Exercise goal: Down to the last line below, write out every line exactly, starting with the one that contains "Romantic Love Stickers for WA Screenshot 0" and leaving out the pictures.

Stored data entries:
[Start of Attachment]

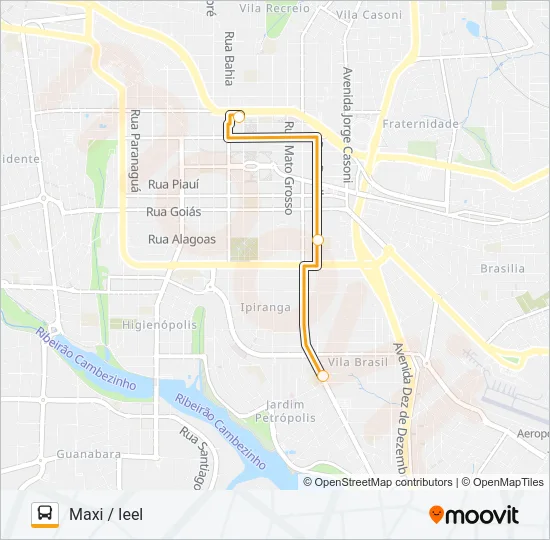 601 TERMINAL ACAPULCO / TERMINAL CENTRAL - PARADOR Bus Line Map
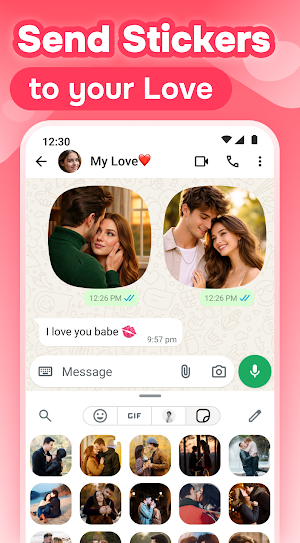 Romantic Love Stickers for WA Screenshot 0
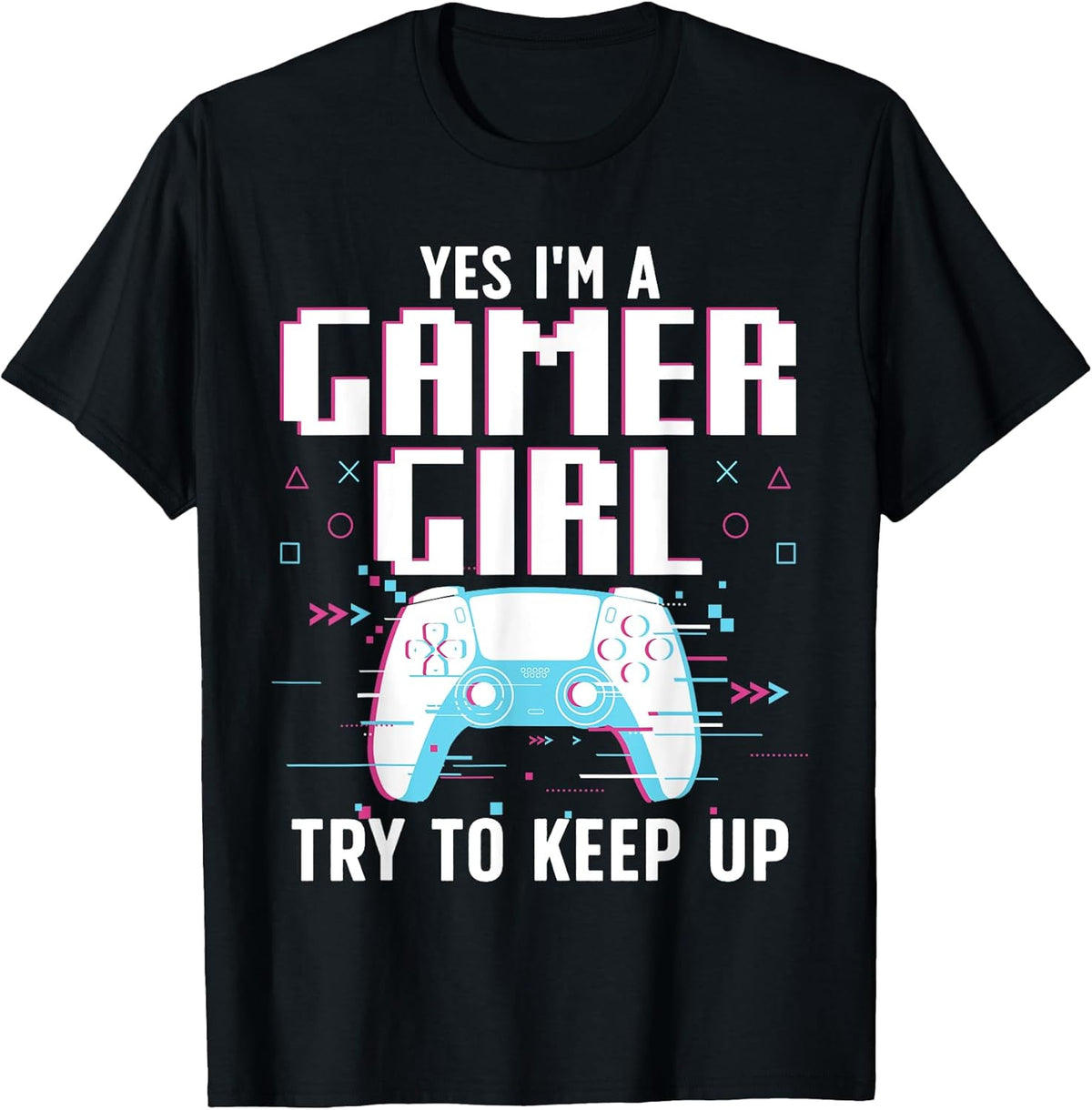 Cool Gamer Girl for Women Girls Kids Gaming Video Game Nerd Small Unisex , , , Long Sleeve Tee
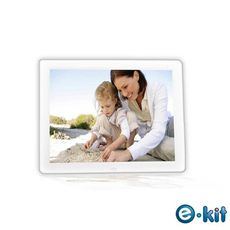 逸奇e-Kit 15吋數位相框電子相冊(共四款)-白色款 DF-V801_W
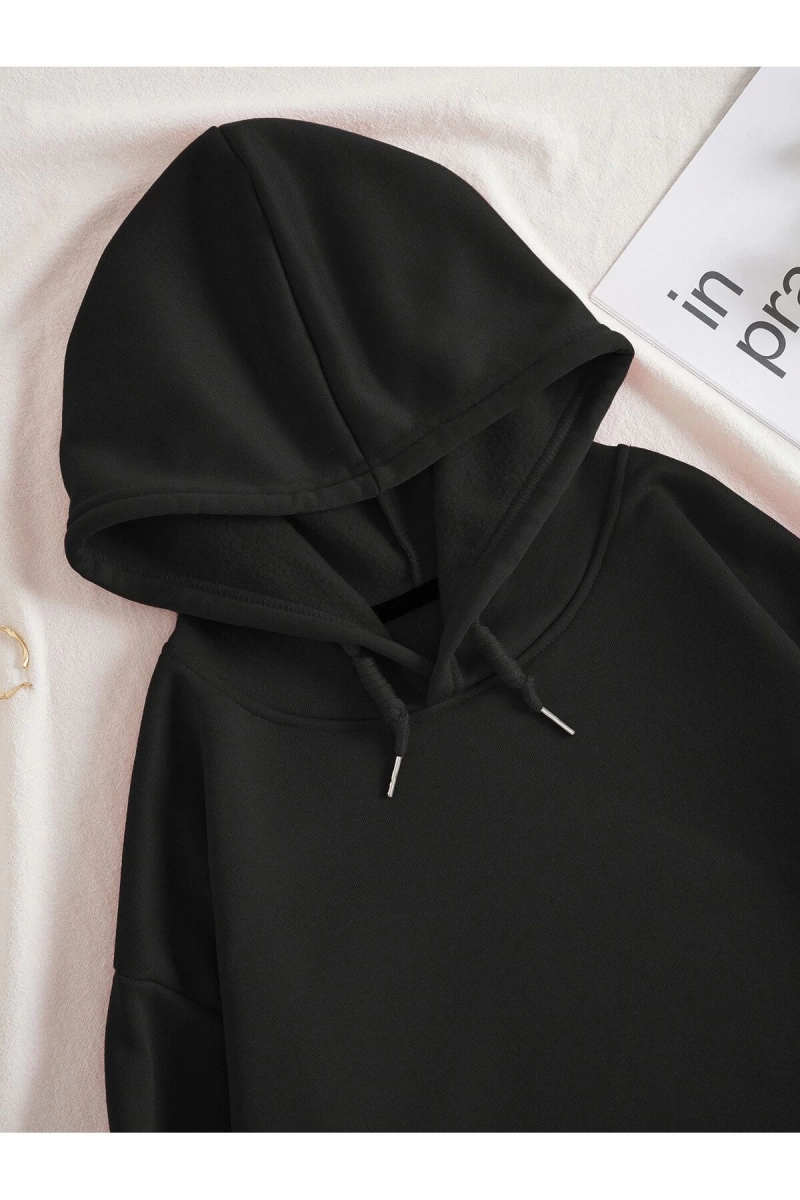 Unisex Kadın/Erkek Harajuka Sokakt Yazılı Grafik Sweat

[End of Attachment]

Answer:
 Romantic Love Stickers for WA Screenshot 0
 Cool Gamer Girl for Women Girls Kids Gaming Video Game Nerd Small Unisex , , , Long Sleeve Tee
 逸奇e-Kit 15吋數位相框電子相冊(共四款)-白色款 DF-V801_W
 Unisex Kadın/Erkek Harajuka Sokakt Yazılı Grafik Sweat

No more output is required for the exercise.